Tras varios años de notables servicios, la relación con el ambicioso conde se rompió: la nave no acababa de arrancar y el capitán Montes, al que al parecer pagaba una cuantiosa suma, ya no era rentable. Pese a que la separación era un hecho, no falló en su última misión y consiguió traerse el legendario oro de Polonia. Desengañado y sin más trabajos a la vista que volver a embarcarse en una humilde barquichuela en la que ya había sevido antes de la llamada del ambicioso conde, dicen que murió de pena. En tierra, como jamás debe morir un pirata.
Pero mientras los veteranos piratas de Trecet continuaban con sus interminables brindis de homenaje al caído y el propio capitán se encerraba a cal y canto en su camarote, algunos de los marineros que sólo habían conocido al Montes de la última etapa empezaron a cansarse de tanto duelo. Y después de tanto llanto y tanto ron, bastó una pequeña chispa para que se desatara la pelea. Alguien se atrevió a decir en voz alta lo que tal vez muchos pensaban, que ese tal Montes no era para tanto, y estalló la galerna.
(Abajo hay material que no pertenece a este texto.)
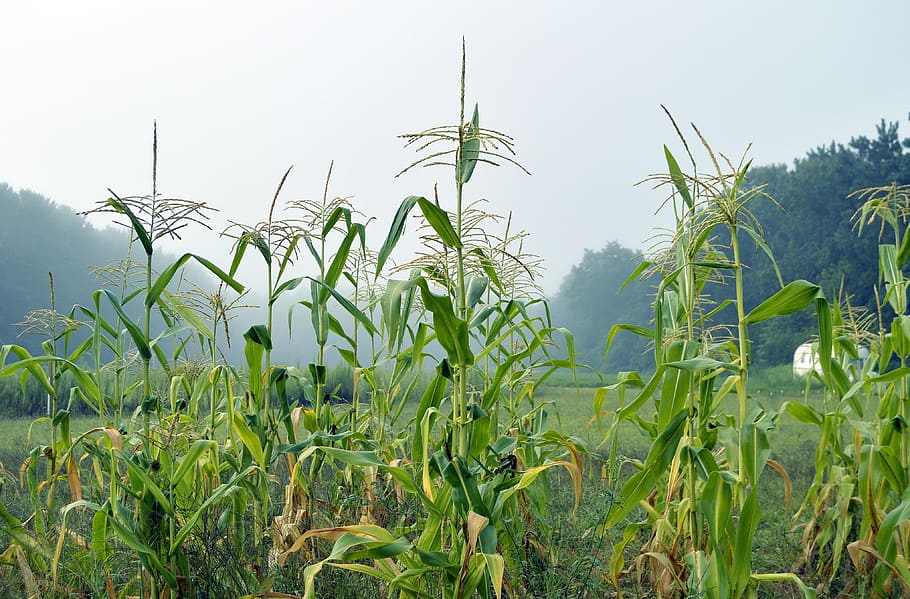 corn field near forests, corn stalk, farm, agriculture, maize, HD wallpaper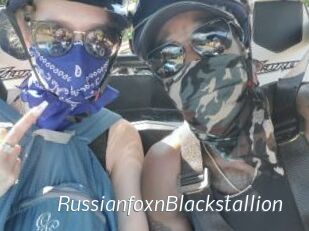 RussianfoxnBlackstallion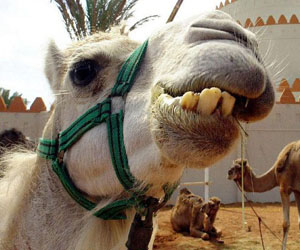   مصر اليوم - جنود ماليون يطبخون جمل الرئيس الفرنسي ويأكلونه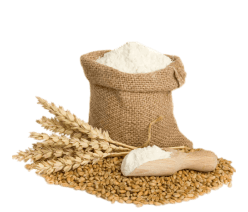 سیسمونی نوزاد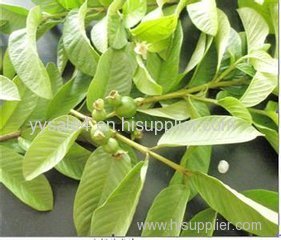 Factory Supply High Quality Pure natural 4:1 10:1TLC Guava Leaf extract powder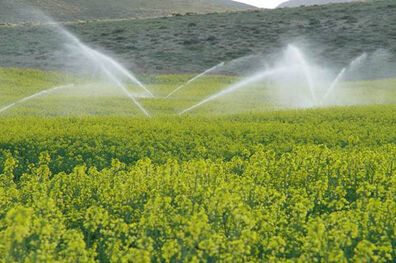 دلیل اجرا نشدن آبیاری نوین در برخی مناطق استان مرکزی، اقتصادی نیست
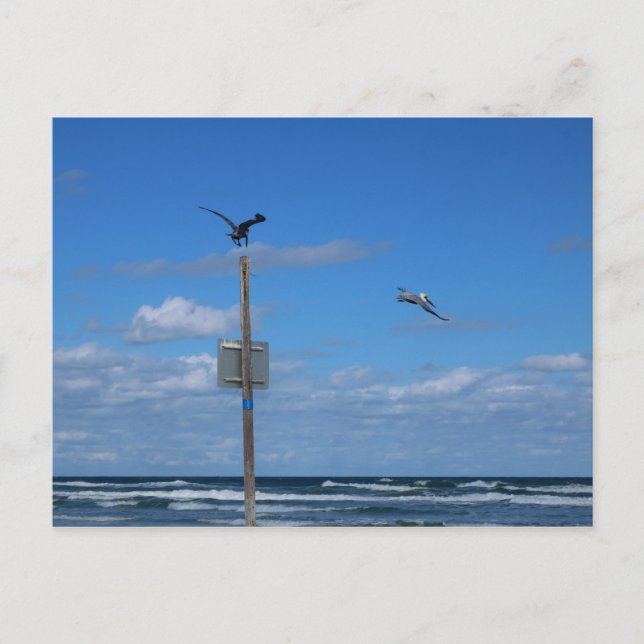 Pelikane am Strand Postkarte (Vorderseite)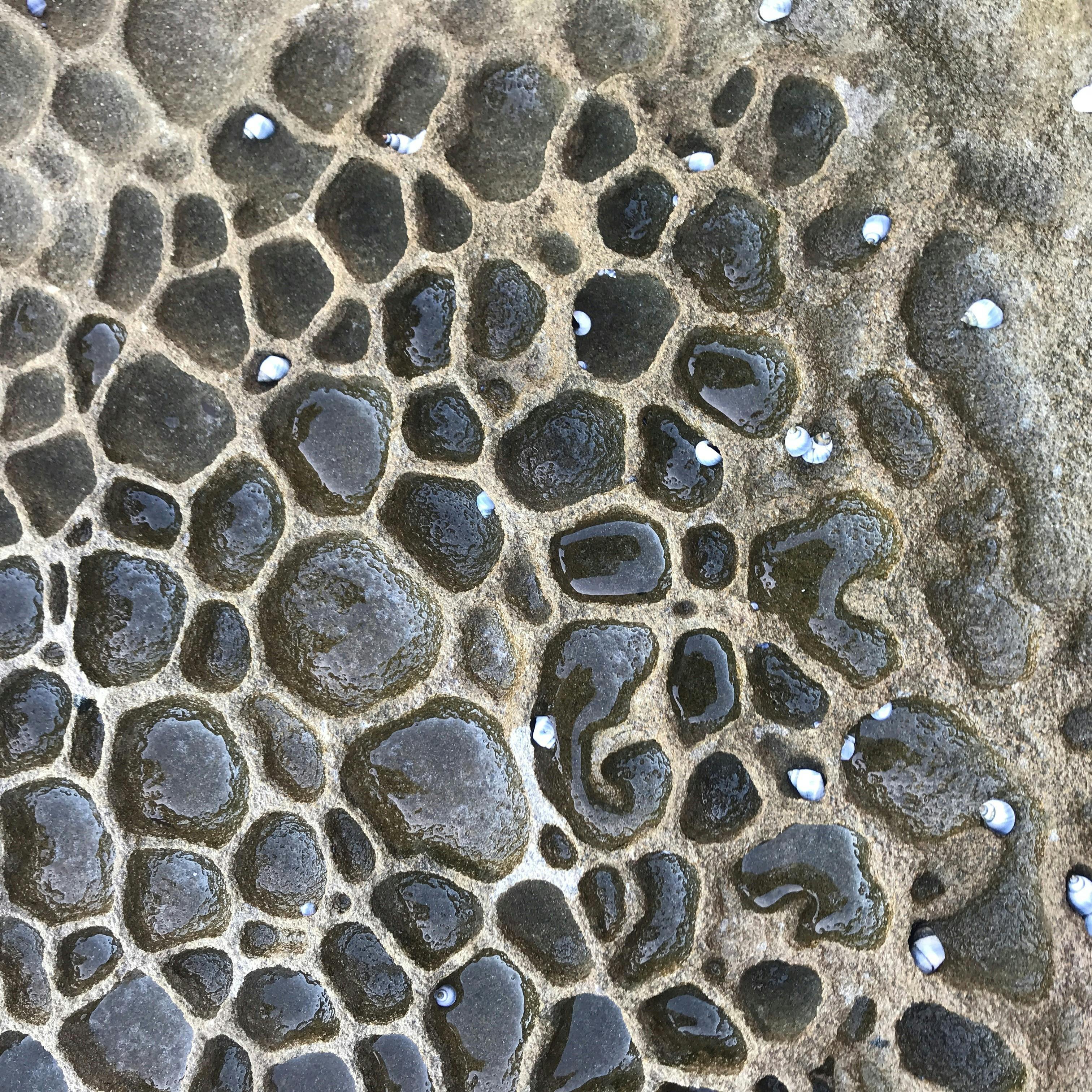 Honeycomb weathering of a sandstone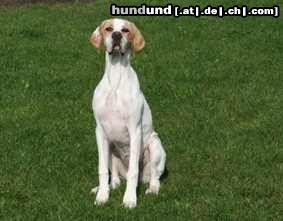 Pointer Hunde Foto 46292 Pointer Worlds End Brodie White Lady wohnhaft in Austria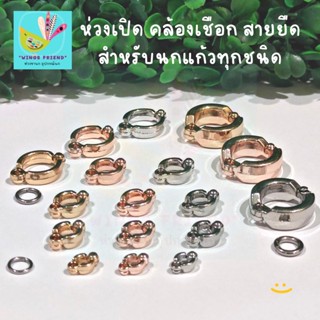 ห่วงเปิด พร้อมห่วงล็อค สำหรับนกแก้วทุกชนิด คล้องสายจูง สายยืด เชือก พร้อมส่ง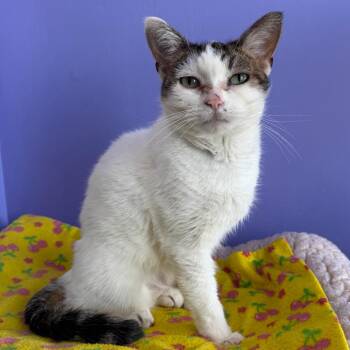 Mildred -  Domestic Short Hair Cat Available for Adoption in Mankato, Minnesota - Mildred | PetCurious
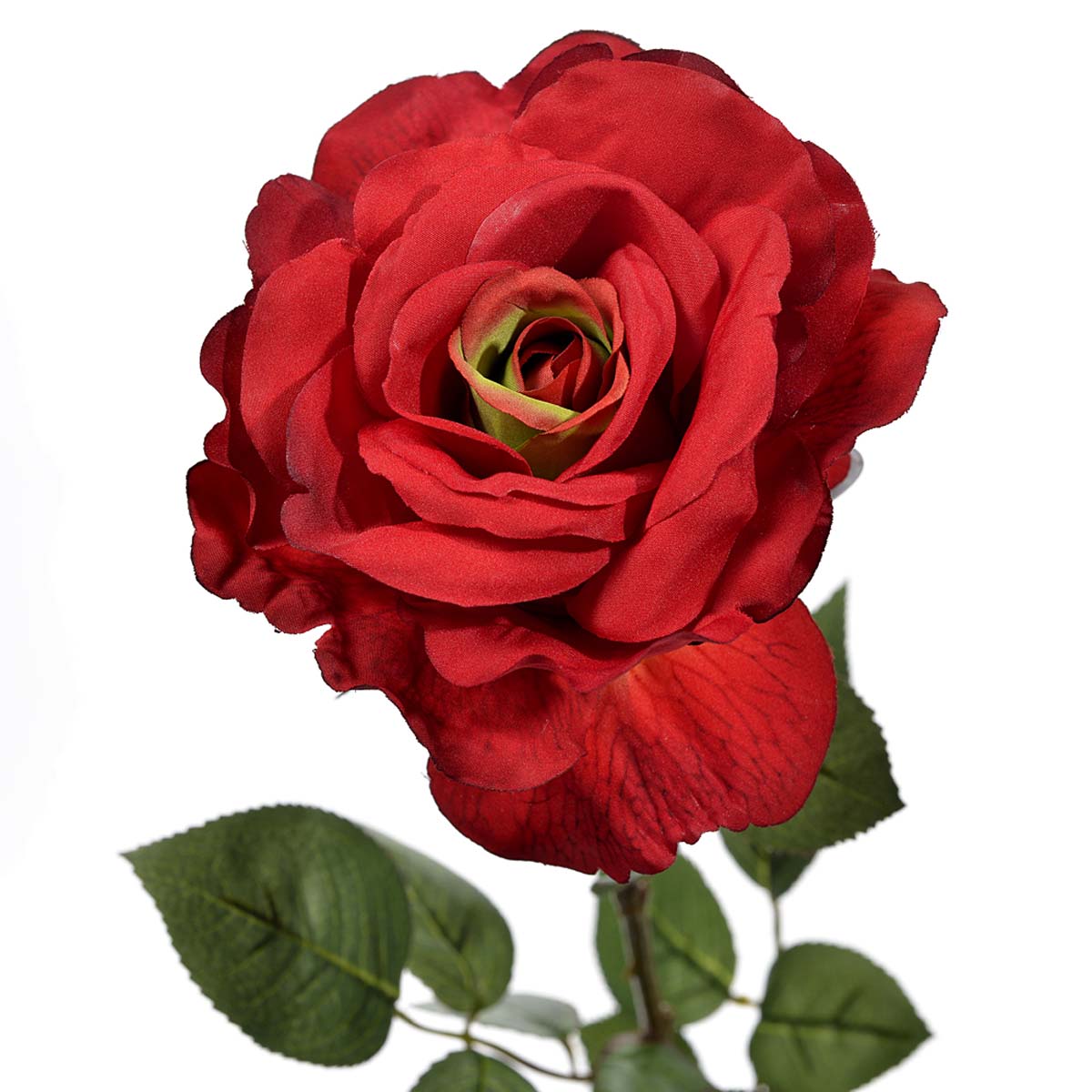 Rose georgia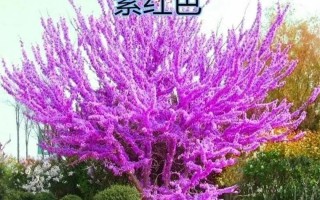 主题：鲜艳花朵的故事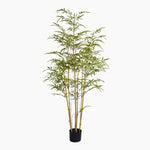 Artificial bamboo plant in a pot on a white background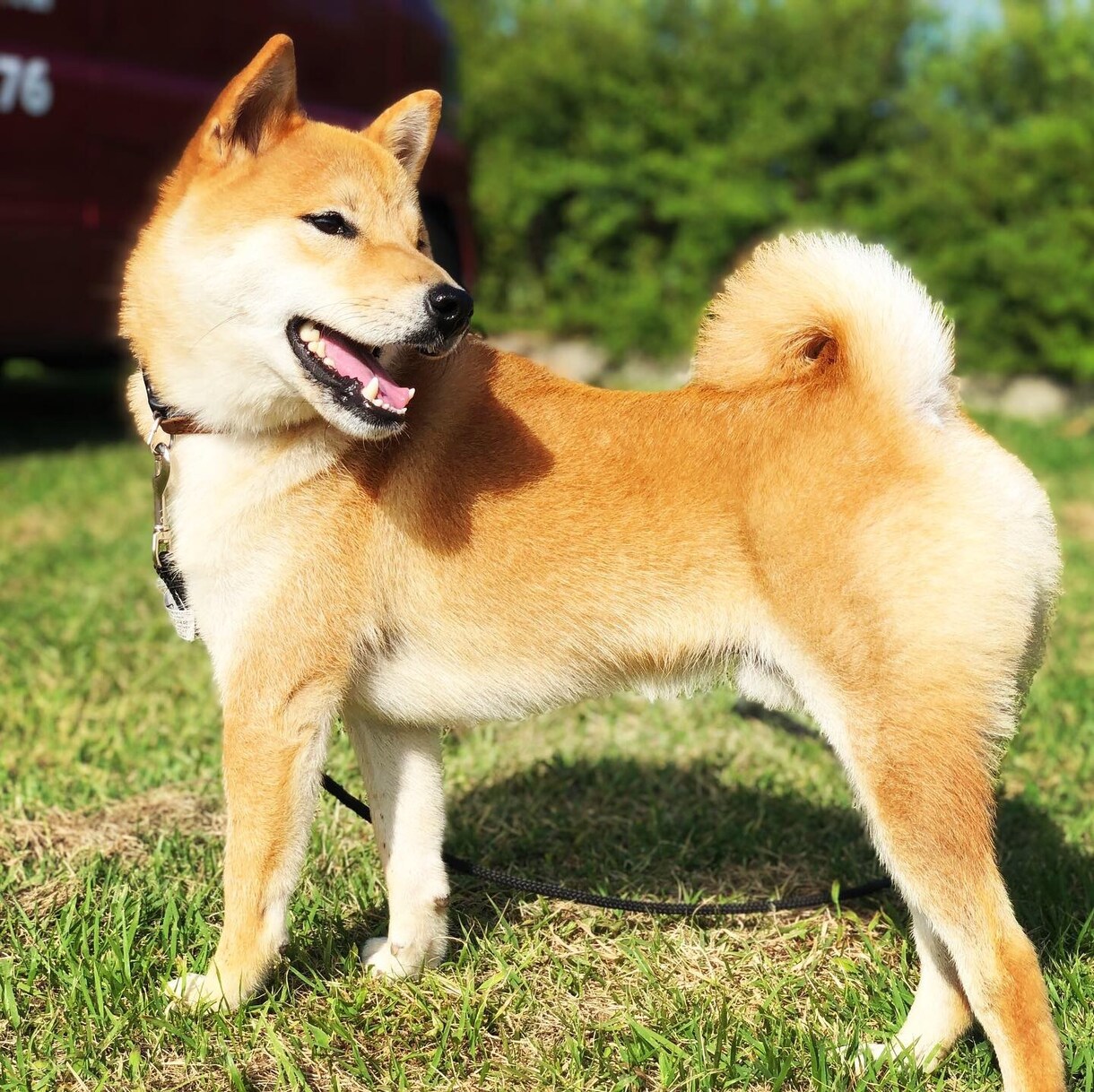 ドッグトレーナーが愛犬との向き合い方を教えます ワンちゃんについての悩みを解決しよう！ イメージ1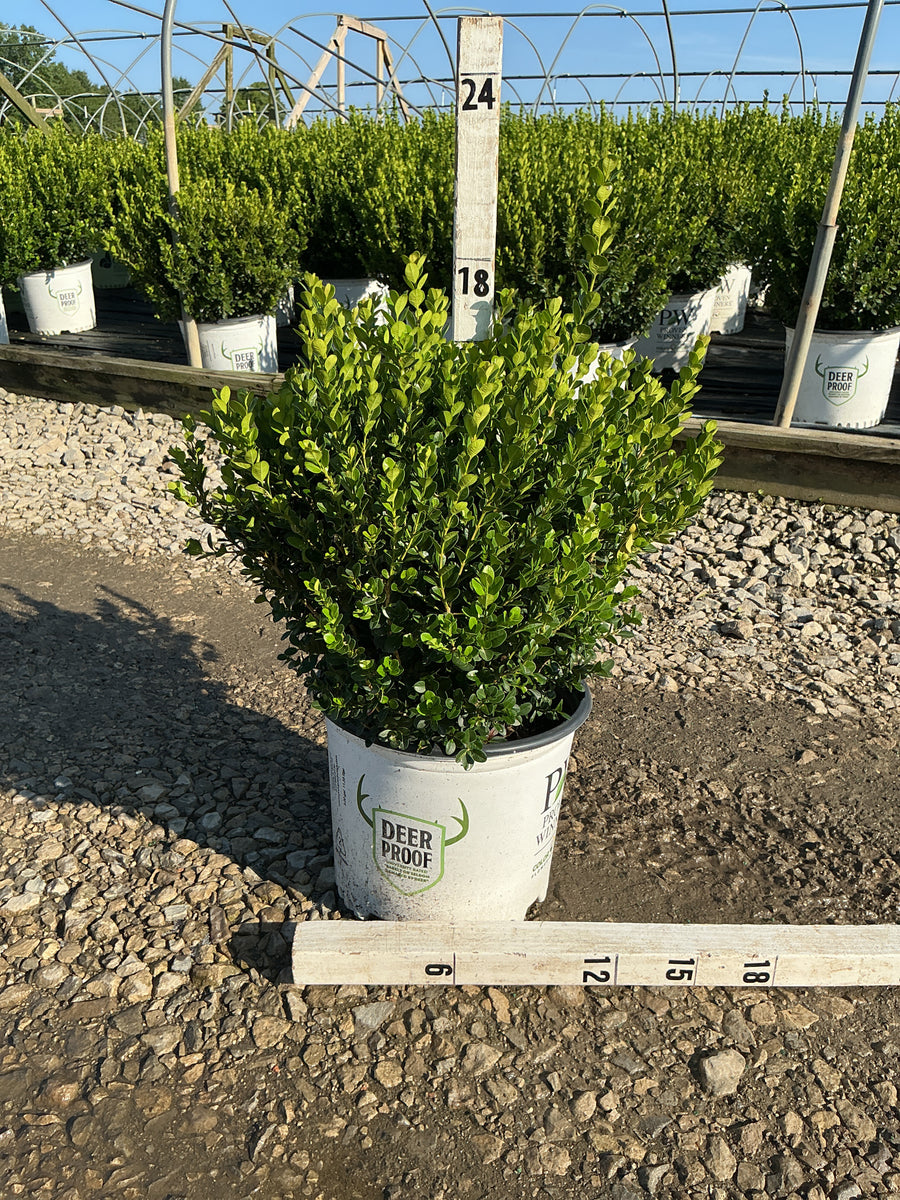 Buxus microphylla 'Sprinter'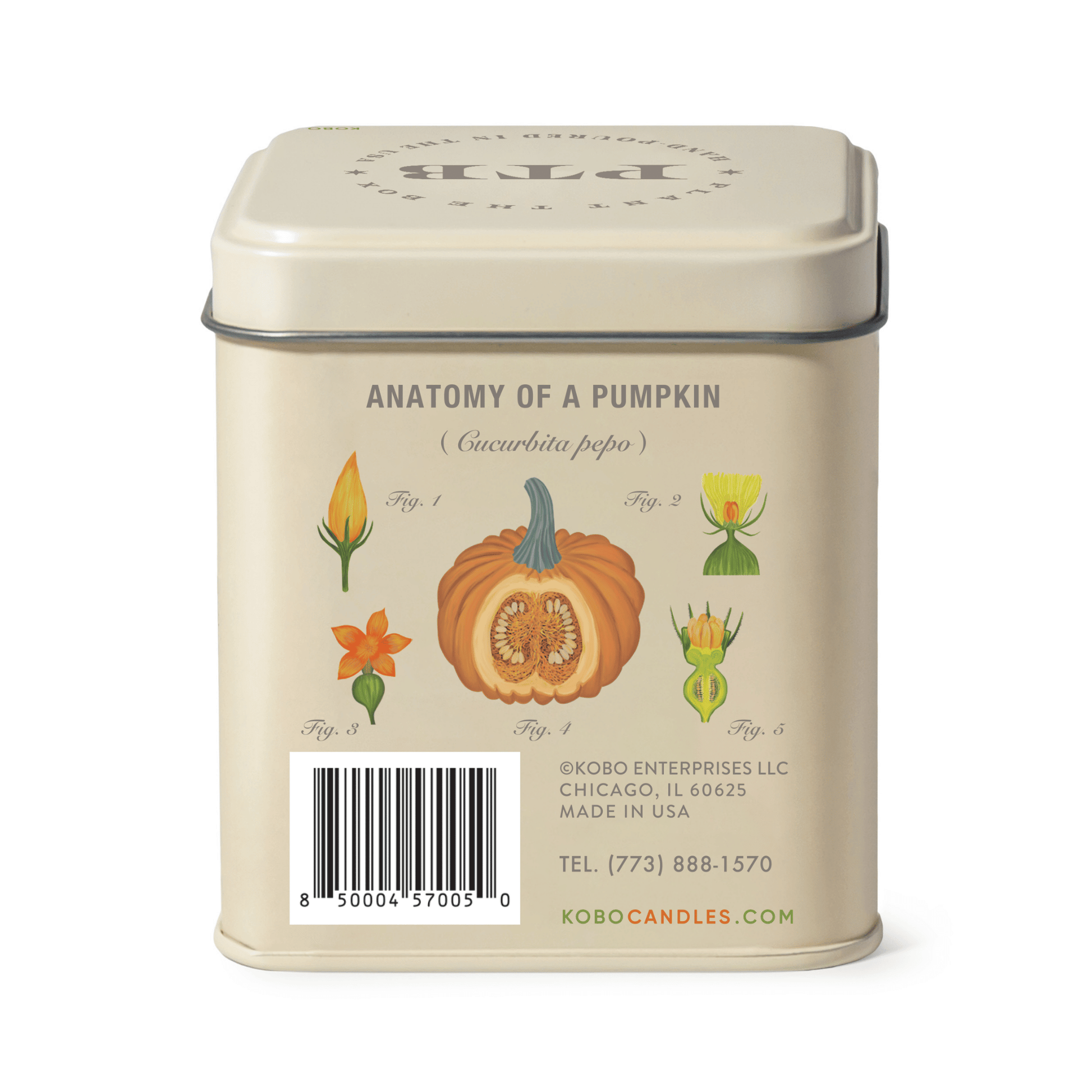 Alternate image of KOBO Plant the Box Half Moon Pumpkin Tin Candle
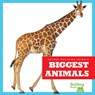 Biggest Animals - Lily Austen - 9798892131261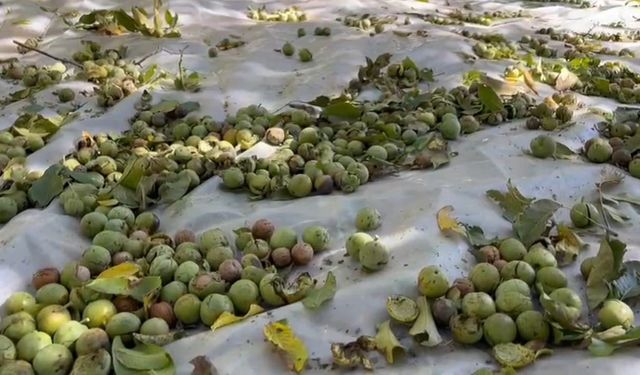Bitlis'te Beklenen Ceviz Hasadı Başladı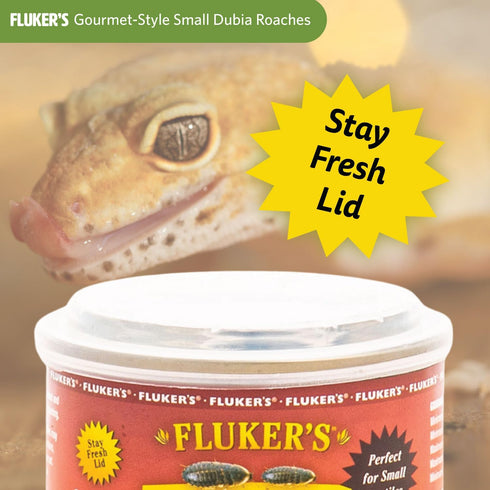 Fluker's Gourmet Canned Food for Reptiles, Fish, Birds, Small Animals, Dubia Roaches, 1.2 oz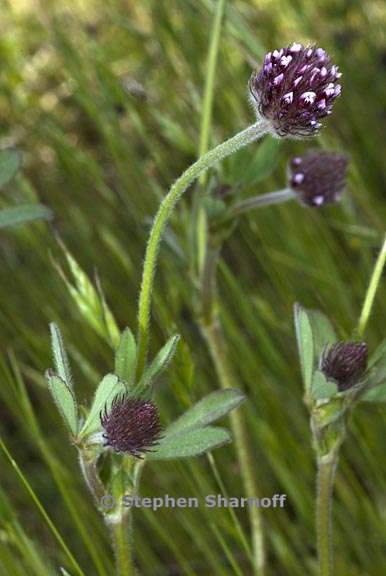 trifolium albopurpureum 1 graphic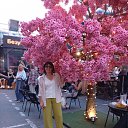 ���� �����, �����������, 60 ��� - ��������� 14 �������� 2025 � ������ ���� ����������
Ebrios de pena y alcohol, algunos veteranos cruzaron las espadas con quienes osaban en sumarse a la revuelta, acusándolos de faltar al respeto al capitán caído, a lo que aquellos replicaban con las habituales insinuaciones de servilismo al capitán Trecet. Entre medias, alguien osó molestar al minísimo Capitán en su momento de reflexión a cuenta de unas enigmáticas líneas, y el viejo Trecet lo despidió con cajas destempladas, añadiendo todavía más leña al fuego.
Curiosamente, mientras volaban las sillas de su local, el Contramaestre Flagrant (si es que ese es su verdadero cargo, que a estas alturas la memoria ya le falla a este novel cronista) se mantuvo ajeno a la polémica. Quizá fuera el único que entendiera a los dos bandos, sabedor de que en aquellos momentos de dolor todos necesitaban desahogarse de alguna manera. Y que la situación era especial se demostró cuando hasta el antiguo disidente Univerzee acudió al Flagrant’s para poner paz, y más aún cuando el Capitán decidió pasar un día más en tierra, pese a que los vientos de la Champions League eran propicios para iniciar una nueva singladura.
Y poco a poco las aguas se fueron calmando. A medida que la desaparición del moreno capitán se iba alejando en el tiempo y los efluvios etílicos del dolor iban despejando las mentes, los contendientes iban cayendo rendidos uno tras otro, como siempre agotados por la estéril pelea tras la que todos decían entender mejor al rival pero nadie cambiaba de parecer, aunque se forzaran a proclamar a los cuatro vientos sus buenos própositos. Mas la mar de fondo sigue y seguirá existiendo, y es lo que atrae a los nuevos aventureros y mantiene en la brecha a los veteranos. Al fin y al cabo, ¿quién se fía de los buenos propósitos de un pirata?